● **TASK TO COMPLETE**
The lines below, from the one holding "1/24 Action Tony" through the final line, are to be copied exactly, with no other lines and no pictures.

● **DATA**
=-=-=

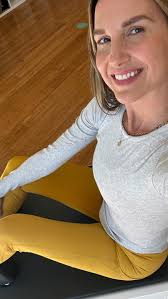 I’m constantly being asked if reformer is harder than mat. It’s a hard  question to answer! 🤔 I’d say it’s the same but oh so different. 🙃 What  do you think?, #shellshapefitness #takeshape ...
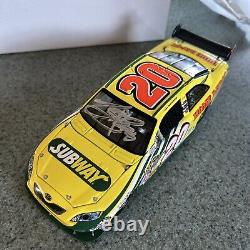 1/24 Action Tony Stewart #20 Subway 2008 Toyota Camry AUTOGRAPHED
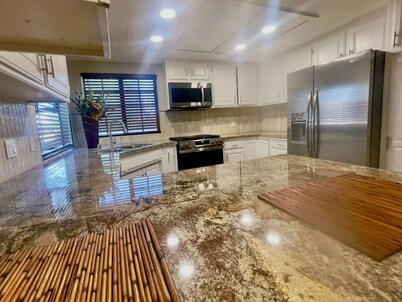 The Prime Spot - Near "The BLVD" and AV  Hospital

=-=-=

● **ANSWER BOX**
 1/24 Action Tony Stewart #20 Subway 2008 Toyota Camry AUTOGRAPHED
 The Prime Spot - Near "The BLVD" and AV  Hospital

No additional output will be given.